そう思っていると、ドラドがボソリと呟いた。
「それにしても、動物でさえ拾ってくるたびに『その日暮らしをしている癖に、このお節介め』と思っていたが、まさか人の子まで拾ってくるなんてな……。お前のそれは、もうちょっとした変人の領域だぞ」
「変人だなんて人聞きの悪い。ただちょっと……可哀想だろ。行き場がないなんて。俺は別に裕福な暮らしを求めている訳ではないし」
口を尖らせて言い返すと、彼がよっこらせと立ち上がりながら小さく笑った。
「まぁ、お前のそういう『相手が誰でも放っておけないお人よし』なところが、成果主義・権力主義の王城勤務に馴染めなかった一因なんだろうよ」
貴族育ちのくせに、本当に不思議な奴だよお前は。
彼はそう言葉を付け足しながら背中を向けると、「あぁそうだ」と言って振り返る。
「冒険者たちが怪我して帰ってきた時用の代えの服が常備してある。お古だが、まぁそれでもないよりはマシだろ。持って帰れ」
彼の視線の先にいるのは、俺に寄りかかって寝ているエレンだ。
そういえば、家に子供用の服がないからと、俺のを着せて裾などを折っている状態だった。
それを見かねての申し出だろう。
俺が「助かる」と言葉を返せば、彼は後ろ手に軽く手を上げて「ちょっと待ってろ」と言って部屋を出た。

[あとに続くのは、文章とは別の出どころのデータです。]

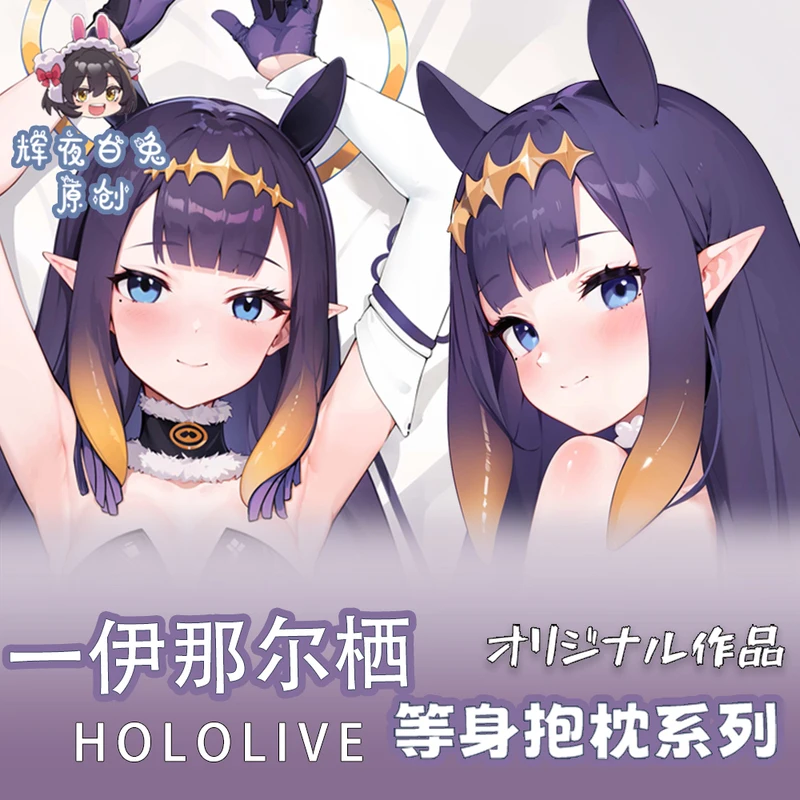 Game Hololive Vtuber Ninomae Ina\'nis Cosplay Girl Dakimakura Hugging Body Pillow Case Double-sided Cushion Cover Gift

すぐに戻ってきた彼から貰ったのは、麻布で作られた、三着のシャツとズボンのセット。
彼の心遣いにお礼を言って、俺はエレンを抱き上げた。
「お前は歩いてもらっていいか?」
「めぇ」
こいつが何を言っているのかは、俺には分からない。
ただ彼女を見るその目に込められた慈愛の色と、優しい鳴き声が、「もちろん。僕はいいからエレンを優しく抱っこしてあげて」と言っているように俺に思わせた。